Вечерами по-семейному чаевничали: Иван Федорович в центре, на почетном месте, глава купеческого рода, патриарх, а рядом сыновья, невестки, внуки. Чай серебряными ложечками помешивали: зачерпнут, в ложечке подержат, чтобы остудить, и обратно в чашку перельют тоненькой струйкой. При этом сахарку подкладывали, вареньями-печеньями себя баловали и потчевали.
После чаю, пока не стемнело, – прогулки, променады всякие. Иван Федорович, сам не гуляка, называл эти прогулки охотой на комаров и всем предлагал средство, чтобы охотники не особо страдали от комариных укусов. Если зарядят дожди, раскладывали пасьянсы, играли в лото, пели под гитару, украшенную алым бантом, как невеста к венцу.
Савва Иванович, средний и самый неуемный сын, тот и вовсе превратил пустую ригу в театр и поставил спектакль по Островскому – «Грех да беда». Иван Федорович, услышав такое название, чуть не поперхнулся, поскольку привык считать увлечение сына именно бедой и грехом, от которого с юности старался его отваживать.
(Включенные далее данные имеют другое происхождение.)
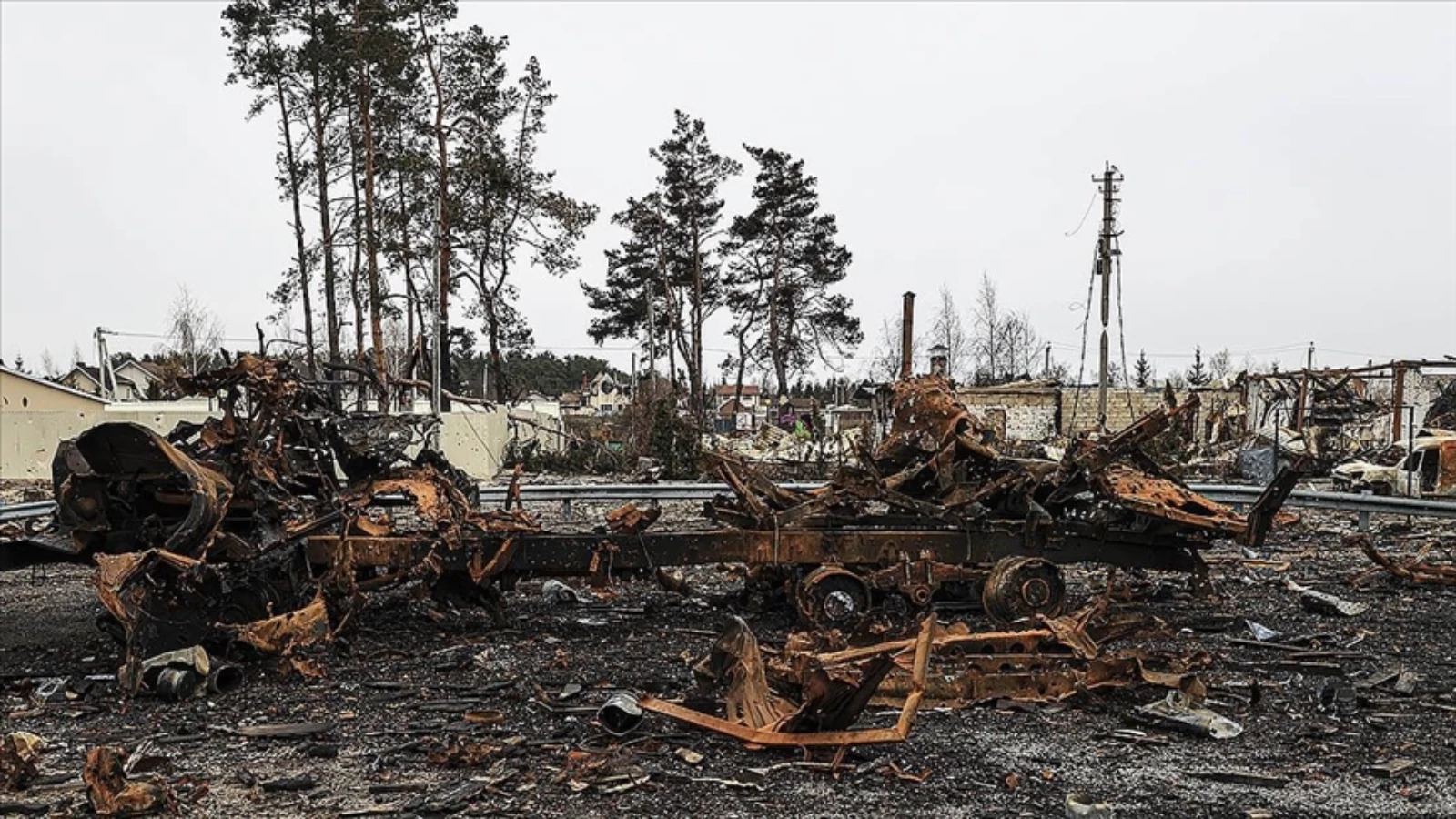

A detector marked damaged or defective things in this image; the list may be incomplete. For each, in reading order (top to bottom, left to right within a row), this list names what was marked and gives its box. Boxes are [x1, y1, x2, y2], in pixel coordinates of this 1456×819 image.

damaged building wall [1, 405, 561, 480]
burnt vehicle wreckage [0, 357, 1304, 687]
charred debris [3, 357, 1310, 752]
rusted vehicle wheel [804, 565, 867, 626]
burnt tire [984, 553, 1066, 623]
rusted vehicle wheel [984, 556, 1066, 621]
rusted metal frame [637, 612, 932, 745]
Но на этот раз отсидел зрителем в зале и отсмотрел всю пиесу. Ни разу не зевнул, не заскрипел стулом, не крякнул от досады. После же за утренним чаем похвалил, хотя не шибко, а то Савва, падкий до актерства, глядишь, так увлечется, что весь аж взопреет, глаза шальные, как в юные годы бывало, и о делах напрочь забудет.